Mordechai Vanunu - Barred from speaking to foreigners
Mordechai Vanunu - Barred from speaking to foreigners

Israeli nuclear whistleblower Mordechai Vanunu has been freed from jail after serving 11 weeks for breaking the terms of his release and meeting a foreigner.

'Mordecai Vanunu was freed from prison on Sunday morning,' a spokesman for the prisons authority said.

Vanunu began serving a three-month sentence at a prison in Ramle near Tel Aviv on 23 May.

A court had ordered him in December to do three months community service or serve three months in prison for violating the terms of his release from jail back in 2004.

The former nuclear technician was arrested in December at a Jerusalem hotel while talking to a Norwegian woman.

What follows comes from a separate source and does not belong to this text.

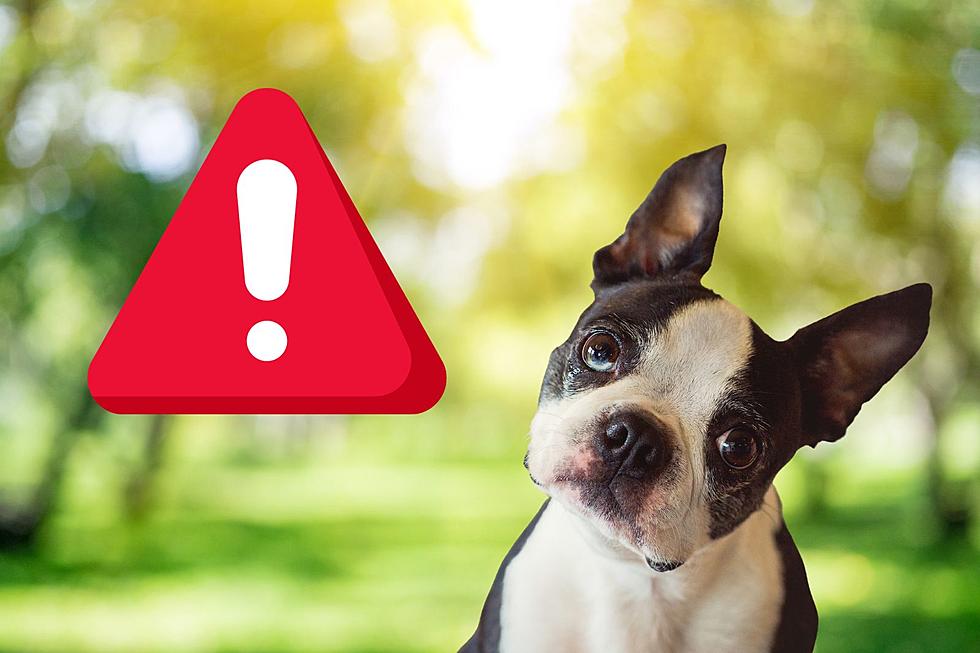 Dog Owners Warned of a Concerning Mysterious Illness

This was a violation of the terms laid down when he was freed after serving 18 years for disclosing the inner workings of Israel's Dimona nuclear plant to Britain's Sunday Times newspaper.

The 55-year-old had opted for community service but asked the Supreme Court if he could perform it in Arab east Jerusalem for fear he would be harassed by Israelis on the mainly Jewish western side of the city.

The court rejected his request and ordered him to serve three months behind bars.

Vanunu was originally jailed in 1986 and spent more than ten of his 18 years in prison in solitary confinement.

Since then, he has been detained several times for violating the terms of his release that ban him from travel or contact with foreigners.